Democracy is a soft option for majority rule. Eternal vigilance is the price of liberty.
Once a country becomes free and its people united to continue to be so, unity and integrity must be maintained at all costs. The State has been given the power to do so.
You denigrate an army officer when he says he would be able to put an end to insurgency. Since Independence no one has been punished for sedition or like offences; the British Government did.
>>What has
prevented it
from letting the NE's alienation turn into
insurgencies--First the
Nagas, then Mizos, then the Assames3e, then Bodos,
.
done to stem the bloodshed in Telengana<<
These are questions dealt with by politicians and academics at length as a matter of course.

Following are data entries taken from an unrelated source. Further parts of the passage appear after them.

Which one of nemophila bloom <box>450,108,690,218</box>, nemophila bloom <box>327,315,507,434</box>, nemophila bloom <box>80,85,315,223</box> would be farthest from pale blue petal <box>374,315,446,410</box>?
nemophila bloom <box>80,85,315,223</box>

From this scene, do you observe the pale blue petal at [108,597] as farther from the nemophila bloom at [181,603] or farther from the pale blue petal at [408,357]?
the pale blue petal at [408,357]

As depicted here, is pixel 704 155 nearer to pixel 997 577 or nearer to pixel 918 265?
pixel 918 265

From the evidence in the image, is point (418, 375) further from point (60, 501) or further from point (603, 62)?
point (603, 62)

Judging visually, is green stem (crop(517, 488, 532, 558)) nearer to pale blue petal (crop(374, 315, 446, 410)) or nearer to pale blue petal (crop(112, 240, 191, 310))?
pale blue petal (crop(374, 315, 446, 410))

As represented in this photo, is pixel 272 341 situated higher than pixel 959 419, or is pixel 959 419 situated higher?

One much used brickbat is: blame the big brother-Govt of India for all their alleged commissions and omissions the States are concerned with. In fact I would hold both the elder and younger brothers liable on these counts. In any case this is a problem which is better left to be considered exclusively at another time
>>And what about less violent arenas: like the
economy? Like the
administrative system? What about justice and law ?
What about the
election system? How about taxation or the
widespread avoidance of
it? What about the pervasive corruption in every
sphere of government?<<
These are symptoms of a general rundown of integrity and morality in every sphere of life.
There is the saying that a people gets the government it deserves. If my brother is a policeman I would expect him to do well by whatever means he can. If he is a supply officer I will go to him to give me a permit for a rationed commodity; if he is a magistrate I would like him to find my children's ayah's thieving son not guilty. And avoiding tax with the help of accountants or lawyers is considered to be a type of virtue worldwide.